Author: Chaojie Gong CMSC320 Final Tutorial
Lots of people think the universities in the United States have a comprehensive good reputation over the world. Therefore, their prioritized option is to pursue a degree in the U.S.
In fact, with over 4,000 colleges and universities, the United States has more institutions of higher learning than any other country in the world. Many of them are highly ranked, offering top-notch educational programs, opportunities for hands-on learning, and cutting-edge research at the graduate and undergraduate levels. Many professors at U.S. institutions have terminal degrees in their field of expertise, are internationally recognized for their scholarship, and represent a diversity of ethnicities and cultural backgrounds. Besides, a significant number of the teaching staff have traveled or lived abroad, which contributes to an enriched classroom experience. Moreover, graduates from a U.S. university or college often find enormous success in the international job market. Employers recognize the value of such an education and the unique skills and qualities that these graduates possess. In short, a degree from a U.S. institution opens doors and is recognized around the world.

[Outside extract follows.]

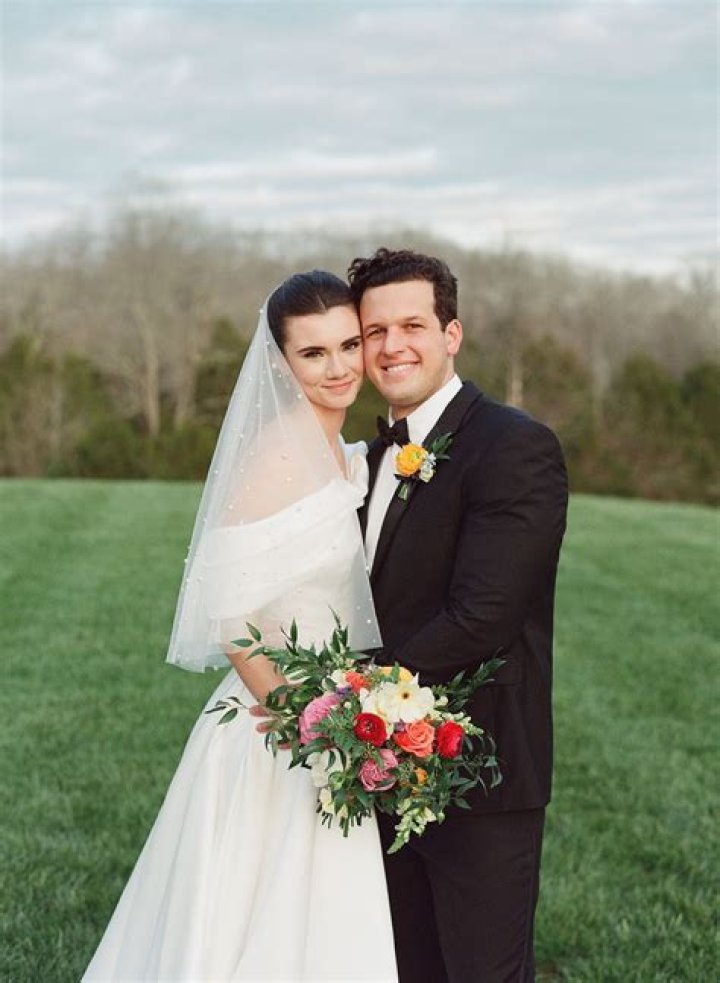 Brett Manning’s Boyfriend: Who is Brett Manning Dating?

The QS World University Rankings comprises of the 150 universities of the top international study destination, US. More than 1.18 million international students were studying in the US in 2017. 77% of these have come from Asia. As per the Institute of International Education’s Open Doors report, the most popular courses are Business and Management, Computer Science, Engineering, and Mathematics. Apart from this, the most popular study destinations for students are New York, Texas, and California.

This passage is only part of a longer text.